Importing Data into HBase
Also available as:
PDF

Chapter 1. Importing Data into HBase

Bulk import bypasses the HBase API and writes contents, properly formatted as HBase data files (HFiles), directly to the file system. Bulk load uses fewer CPU and network resources than using the HBase API for similar work.

To bulk load data into HBase using Pig:

  1. Prepare the input file. The following data.tsv file is an example input file:

    row1 c1 c2
    row2 c1 c2
    row3 c1 c2
    row4 c1 c2
    row5 c1 c2
    row6 c1 c2
    row7 c1 c2
    row8 c1 c2
    row9 c1 c2
    row10 c1 c2
  2. Make the data available on the cluster.

    hadoop fs -put $filename /tmp/

    For example:

    hadoop fs -put data.tsv /tmp/ 
  3. Define the HBase schema for the data. Continuing with the data.tsv example, create a script file called simple.ddl, which contains the HBase schema for data.tsv:

    CREATE TABLE simple_hcat_load_table (id STRING, c1 STRING, c2 STRING)
    STORED BY 'org.apache.hadoop.hive.hbase.HBaseStorageHandler'
    WITH SERDEPROPERTIES ( 'hbase.columns.mapping' = 'd:c1,d:c2' )
    TBLPROPERTIES ( 'hbase.table.name' = 'simple_hcat_load_table'
    ); 
  4. Create and register the HBase table in HCatalog.

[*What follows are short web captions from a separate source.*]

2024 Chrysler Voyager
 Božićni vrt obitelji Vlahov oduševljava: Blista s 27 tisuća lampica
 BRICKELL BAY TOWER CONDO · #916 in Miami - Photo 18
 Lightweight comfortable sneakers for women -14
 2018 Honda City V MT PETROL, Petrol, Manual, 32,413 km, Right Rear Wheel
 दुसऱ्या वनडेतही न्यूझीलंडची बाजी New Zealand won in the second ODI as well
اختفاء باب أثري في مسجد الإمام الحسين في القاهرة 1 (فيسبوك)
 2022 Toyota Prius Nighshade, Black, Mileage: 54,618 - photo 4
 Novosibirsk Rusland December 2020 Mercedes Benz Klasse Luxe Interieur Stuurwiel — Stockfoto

    hcat -f $HBase_Table_Name

    The following HCatalog command-line command runs the DDL script simple.ddl:

    hcat -f simple.ddl
  5. Create the import file.

    The following example instructs Pig to load data from data.tsv and store it in simple_hcat_load_table. For the purposes of this example, assume that you have saved the following statement in a file named simple.bulkload.pig.

    A = LOAD 'hdfs:///tmp/data.tsv' USING PigStorage('\t') AS (id:chararray, c1:chararray,
    c2:chararray);
    -- DUMP A;
    STORE A INTO 'simple_hcat_load_table' USING org.apache.hive.hcatalog.pig.HCatStorer();
    [Note]Note

    Modify the filenames and table schema for your environment.

  6. Use Pig to populate the HBase table via HCatalog bulkload.

    Continuing with the example, execute the following command on your HBase Server machine:

    pig -useHCatalog simple.bulkload.pig